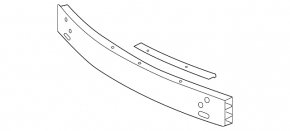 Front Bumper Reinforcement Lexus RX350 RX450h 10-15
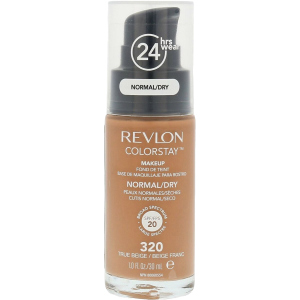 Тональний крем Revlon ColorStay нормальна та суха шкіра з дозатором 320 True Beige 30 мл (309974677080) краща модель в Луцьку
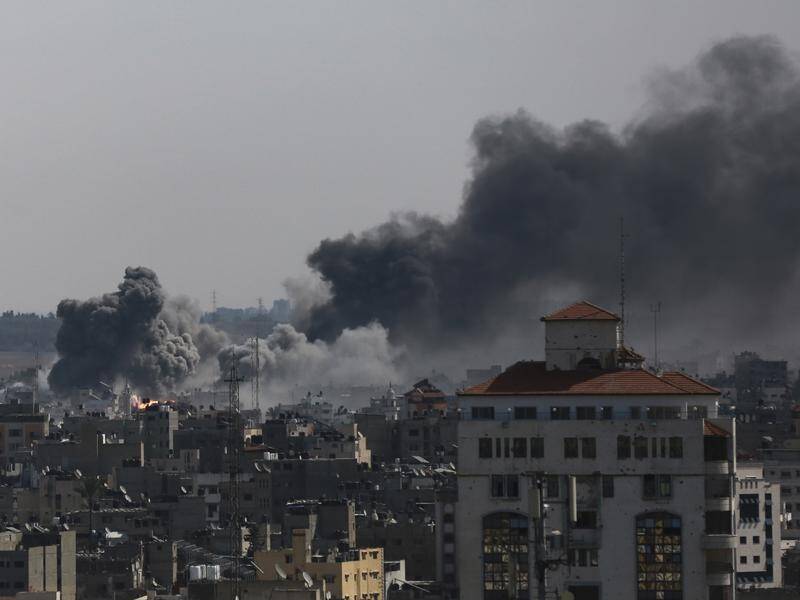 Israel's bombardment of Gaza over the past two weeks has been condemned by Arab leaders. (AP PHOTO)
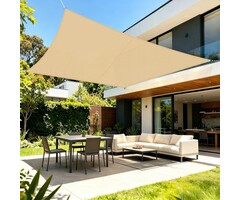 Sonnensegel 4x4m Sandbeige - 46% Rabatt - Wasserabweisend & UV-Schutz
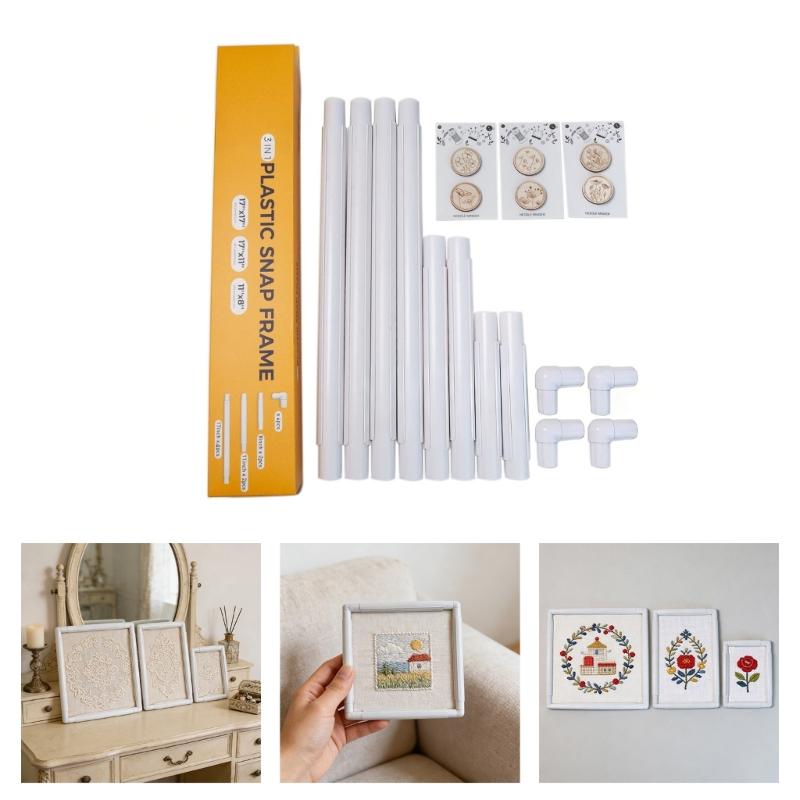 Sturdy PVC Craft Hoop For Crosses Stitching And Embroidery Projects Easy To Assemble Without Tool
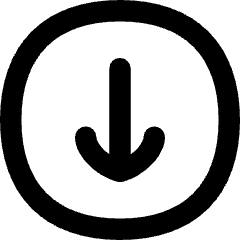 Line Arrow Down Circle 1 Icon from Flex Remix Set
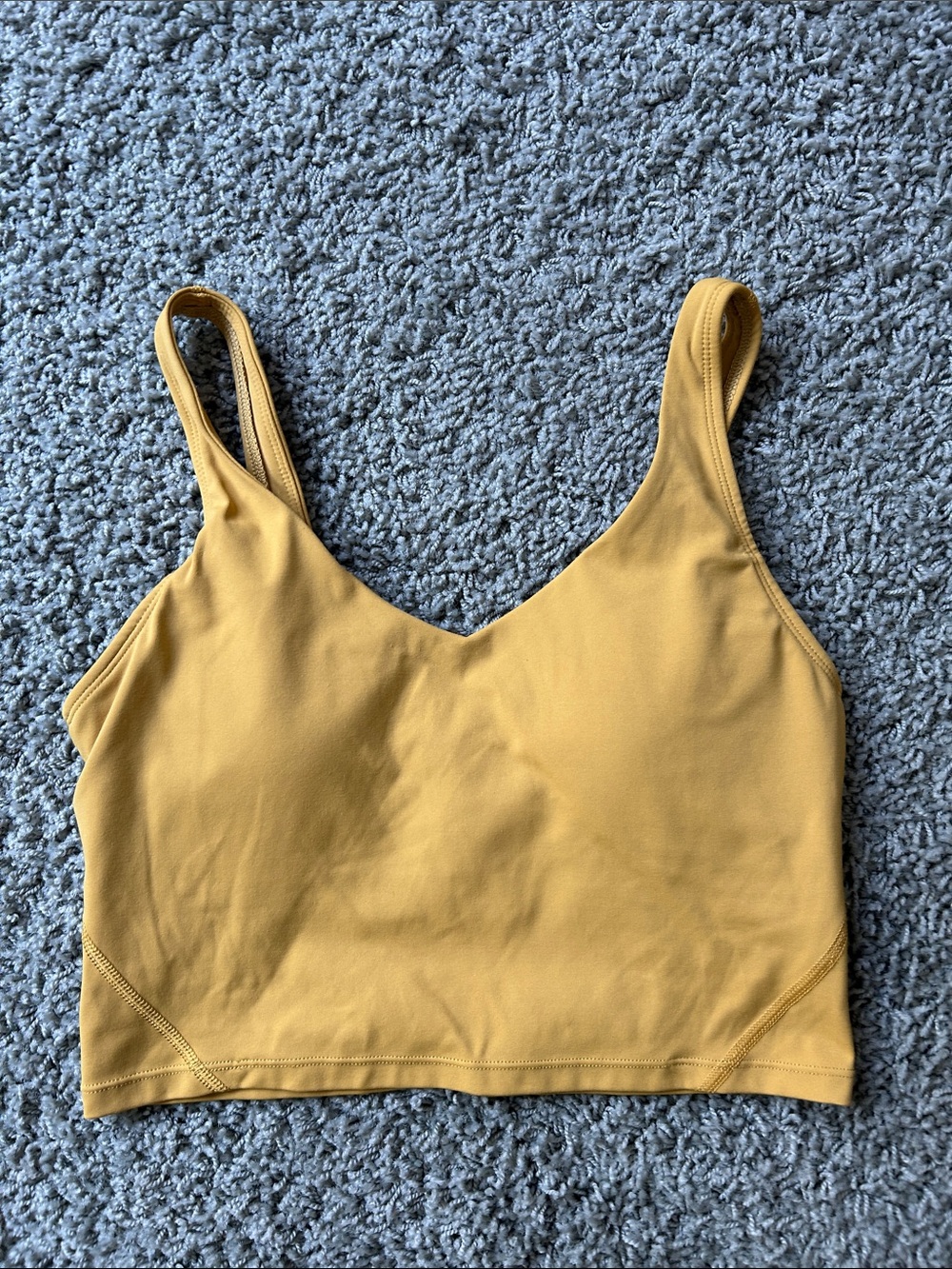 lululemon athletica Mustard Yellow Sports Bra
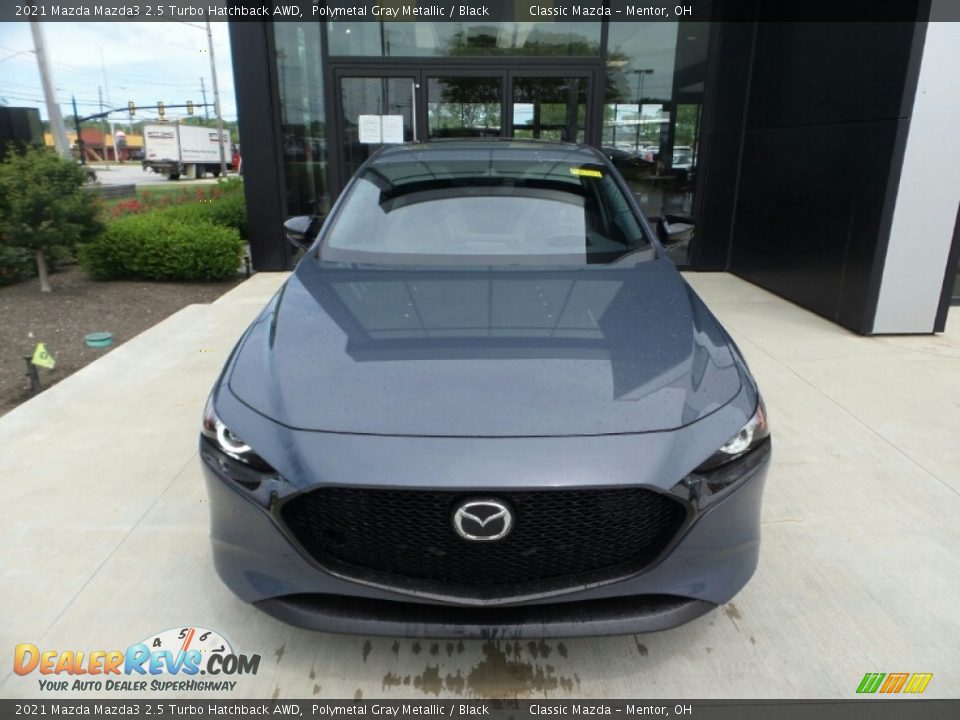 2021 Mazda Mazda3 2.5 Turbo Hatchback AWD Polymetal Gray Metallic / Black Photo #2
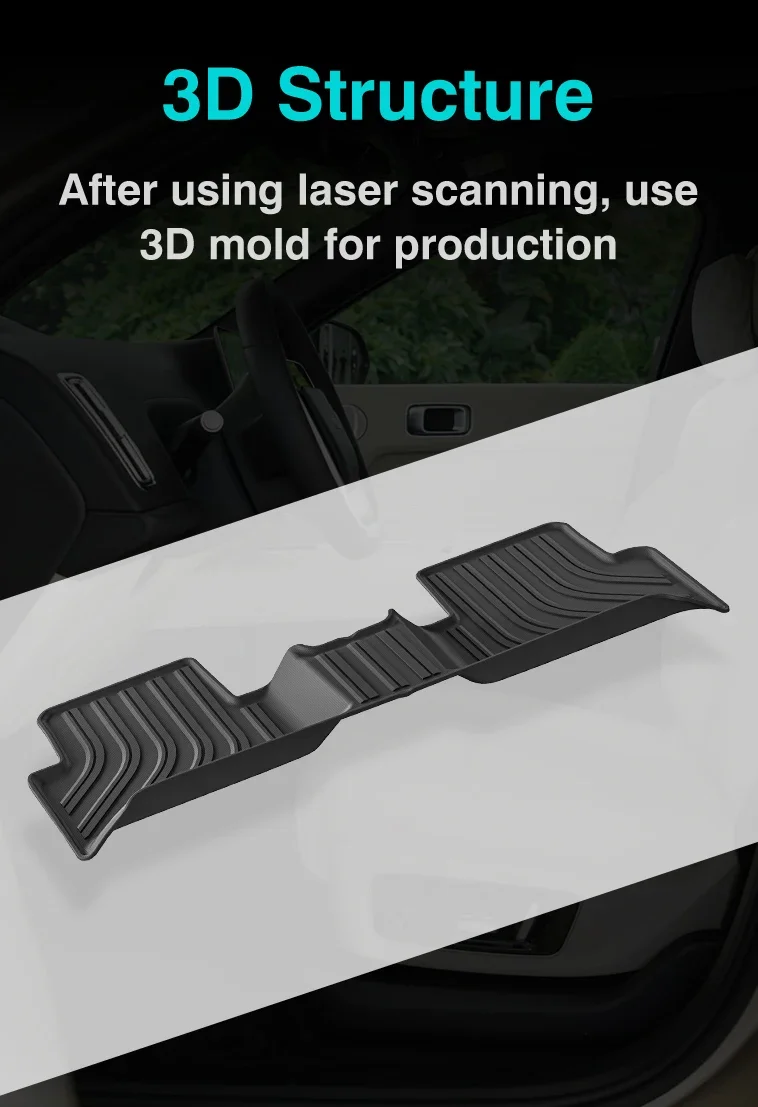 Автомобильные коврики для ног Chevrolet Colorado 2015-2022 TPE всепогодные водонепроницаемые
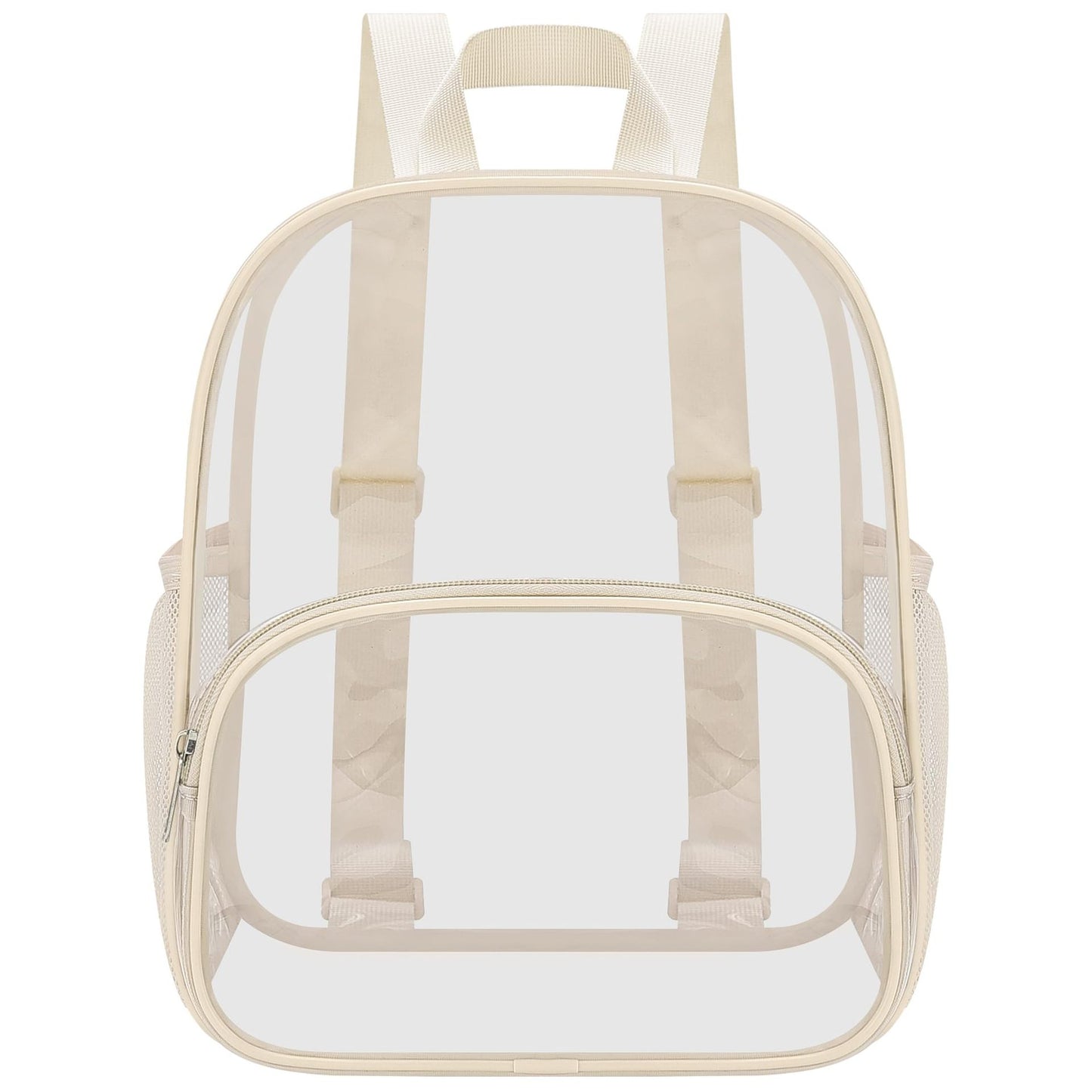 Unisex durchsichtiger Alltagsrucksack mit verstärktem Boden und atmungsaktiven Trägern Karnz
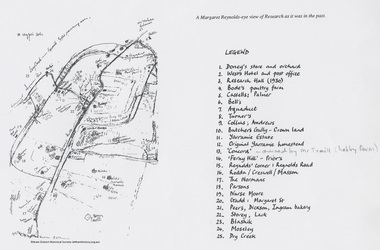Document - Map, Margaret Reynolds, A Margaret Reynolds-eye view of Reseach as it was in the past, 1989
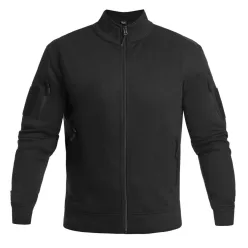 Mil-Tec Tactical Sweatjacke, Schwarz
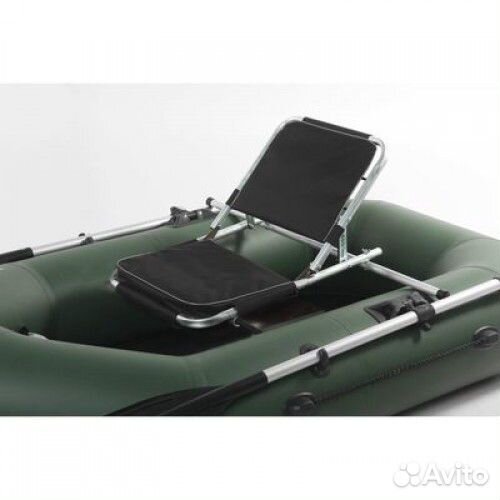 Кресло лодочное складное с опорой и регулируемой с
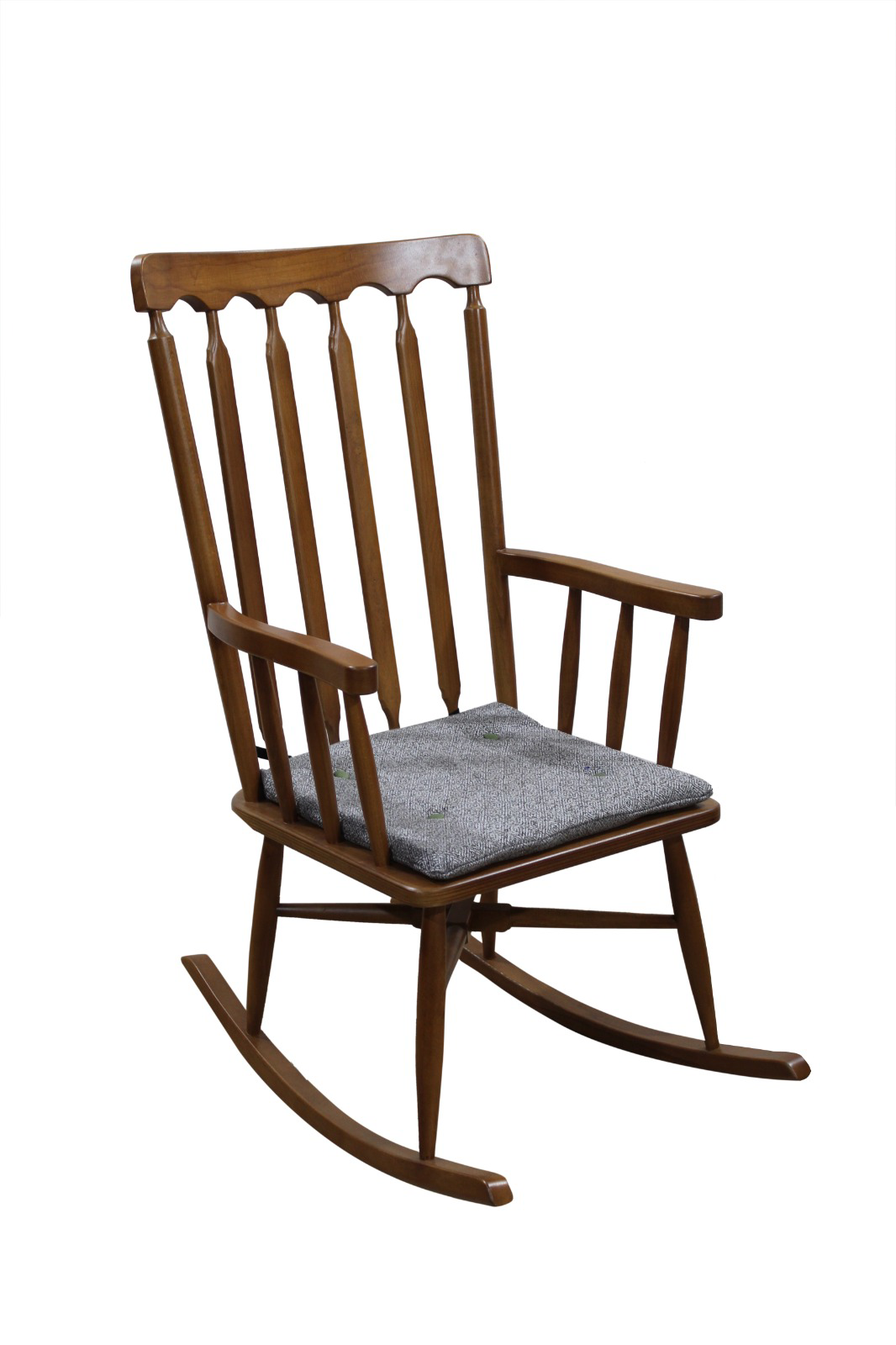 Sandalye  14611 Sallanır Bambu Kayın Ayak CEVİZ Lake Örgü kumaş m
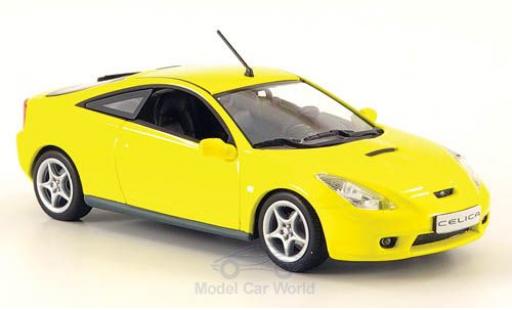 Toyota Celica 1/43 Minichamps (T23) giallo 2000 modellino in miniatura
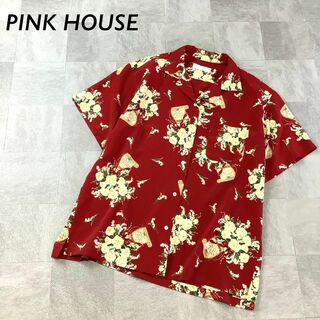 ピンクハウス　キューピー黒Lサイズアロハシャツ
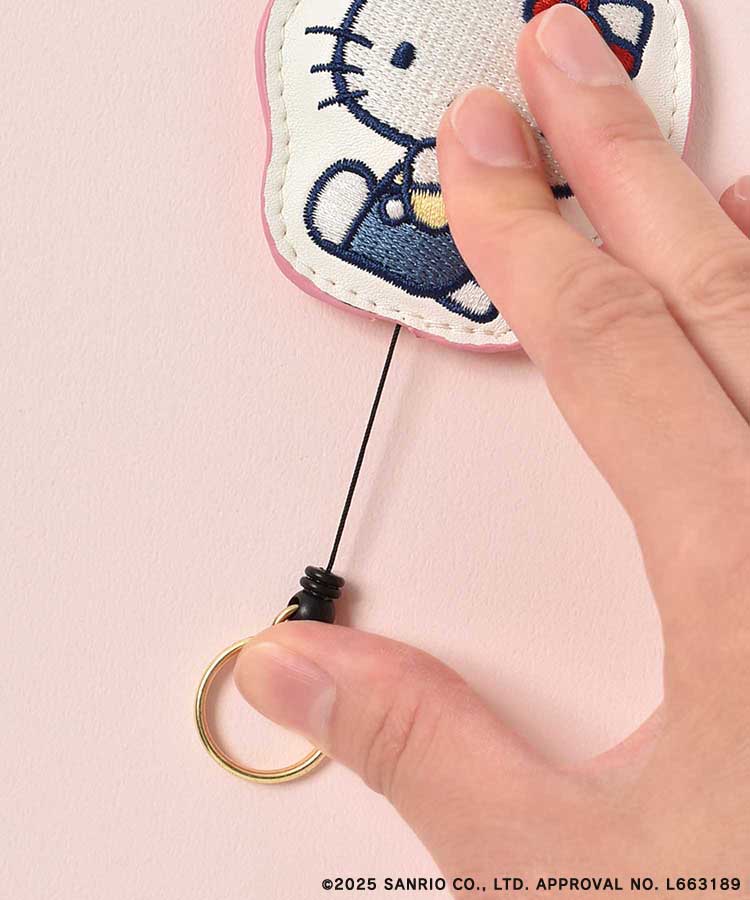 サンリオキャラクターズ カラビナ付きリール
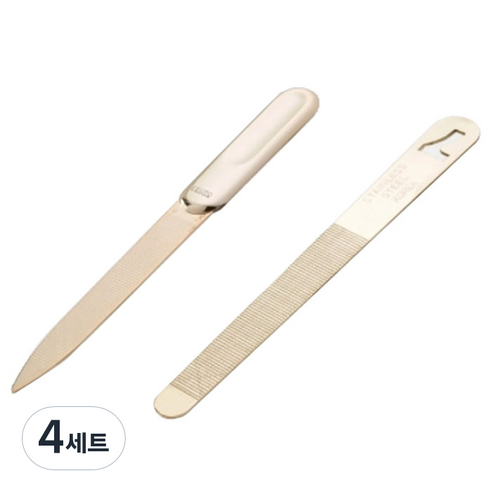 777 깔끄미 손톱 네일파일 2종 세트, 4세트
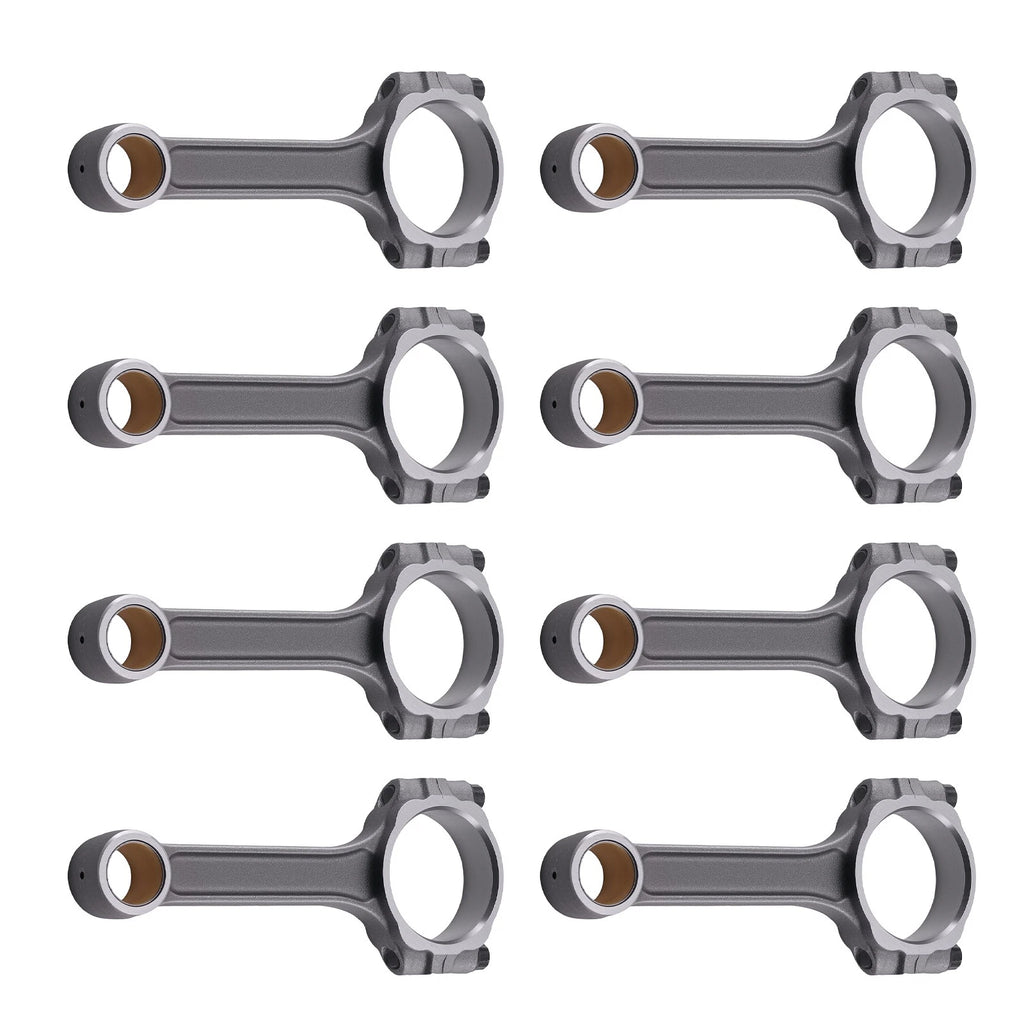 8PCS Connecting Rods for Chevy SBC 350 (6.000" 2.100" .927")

# REQUIREMENT
The answer should contain only the lines from the start of the records above through the line with "Line Arrow Down", copied exactly, and no pictures.

# WRITTEN SOLUTION
 Front Bumper Reinforcement Lexus RX350 RX450h 10-15
 Тональний крем Revlon ColorStay нормальна та суха шкіра з дозатором 320 True Beige 30 мл (309974677080) краща модель в Луцьку
 Israel's bombardment of Gaza over the past two weeks has been condemned by Arab leaders. (AP PHOTO)
 Sonnensegel 4x4m Sandbeige - 46% Rabatt - Wasserabweisend & UV-Schutz
 Sturdy PVC Craft Hoop For Crosses Stitching And Embroidery Projects Easy To Assemble Without Tool
 Line Arrow Down Circle 1 Icon from Flex Remix Set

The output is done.